Werke
denken sollen«, sagte er dann; »aber nein, Anna, auch diesmal nicht.«
– »Weshalb nicht? Saget nur, weshalb nicht?«
»Weil eine solche Vermögensanlage keine Sicherheit gewährt.«
»Sicherheit?« – – Sie war aufgesprungen, und seine beiden Hände ergreifend, war sie vor ihm hingekniet; ihr junges Antlitz, das sie jetzt zu ihm erhob, war ganz von Tränen überströmt. »Ach, Ohm, Ihr seid schon alt; Ihr haltet das nicht aus; Ihr solltet nicht so viele Sorgen haben!«
Aber Carsten drängte sie von sich. »Kind, Kind, du willst mich in Versuchung führen; weder ich noch Heinrich dürfen solches annehmen.«
Hülfesuchend wandte Anna den Kopf nach Tante Brigitte; die aber saß wie ein Bild, die Hände vor sich auf den Tisch gefaltet. »Nun, Ohm«, sagte sie, »wenn Ihr mich zurückstoßet, so werde ich an Heinrich selber schreiben.«
Carsten legte sanft die Hand auf ihren Kopf. »Gegen meinen Willen, Anna? Das wirst du nimmer tun.«
Das Mädchen schwieg einen Augenblick; dann schüttelte sie leise den Kopf unter seiner Hand. »Nein, Ohm, das ist wohl wahr, nicht gegen Euren Willen. Aber seid nicht so hart: es gilt ja doch sein Glück!«
Carsten hob ihr Antlitz von seinen Knien zu sich auf und sagte: »Ja, Anna, das denk ich auch; aber den Einsatz darf nur einer geben; der eine, der ihm auch das Leben gab. Und nun, mein liebes Kind, nichts mehr von dieser Sache!«
Er drückte sie sanft von sich ab; dann schob er seinen Stuhl zurück und ging hinaus.
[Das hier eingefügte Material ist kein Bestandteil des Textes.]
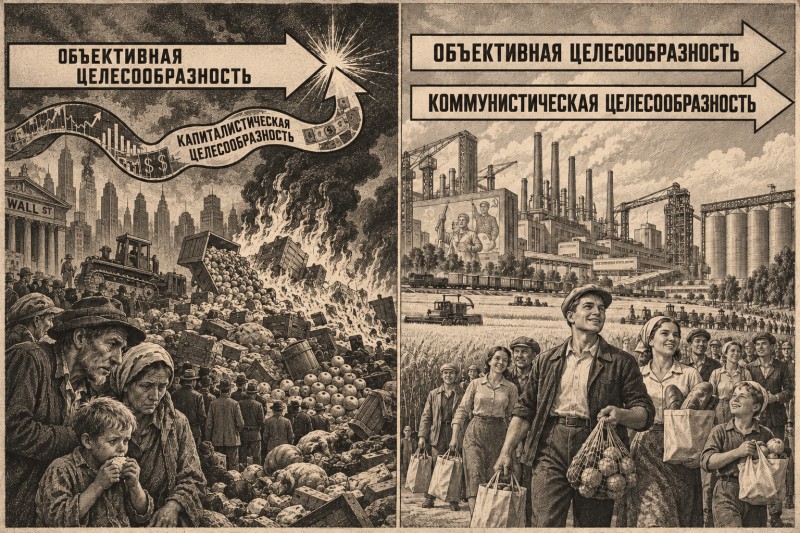 О целесообразности в&nbsp;производстве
Anna blickte ihm nach; bald aber sprang sie auf und warf sich Tante Brigitte in die Arme.
»Wir wollen es dem lieben Gott anheimstellen«, sagte die alte Frau; »ich habe dieses Mal meinen Bruder wohl verstanden.« Dann hielt sie das große Mädchen noch lange in ihren Armen.
– – Carsten war in den Hof gegangen. In der schon eingetretenen Dunkelheit saß er unter dem alten Familienbaum, der längst von Früchten leer war und aus dessen Krone er jetzt Blatt um Blatt neben sich zu Boden fallen hörte. Er dachte rückwärts in die Vergangenheit; und bald waren es Bilder, die von selber kamen und vergingen. Die Gestalt seines schönen Weibes zog an ihm vorüber, und er streckte die Arme in die leere Luft; er wußte selbst nicht, ob nach ihr oder nach dem fernen Sohn, der ihn noch unauflöslicher an ihren Schatten band. Dann wieder sah er sich selber auf der Bank sitzen, wo er gegenwärtig saß; aber als einen Knaben, mit einem Buche in der Hand; aus dem Hause hörte er die Stimme seines Vaters, und der kleine Peter kam auf seinem Steckenpferde in den Hof geritten. Bald aber mußte er sich fragen, weshalb dieses friedensvolle Bild ihn jetzt mit solchem Weh erfüllte. Da überkam’s ihn plötzlich: ›Damals – ja, damals hatte er sein Leben selbst gelebt; jetzt tat ein anderer das; er hatte nichts mehr, das ihm selbst gehörte – – keine Gedanken – – keinen Schlaf –‹
Er ließ seinen müden Körper gegen den Stamm des Baumes sinken; fast beruhigend klang der leise Fall der Blätter ihm ins Ohr.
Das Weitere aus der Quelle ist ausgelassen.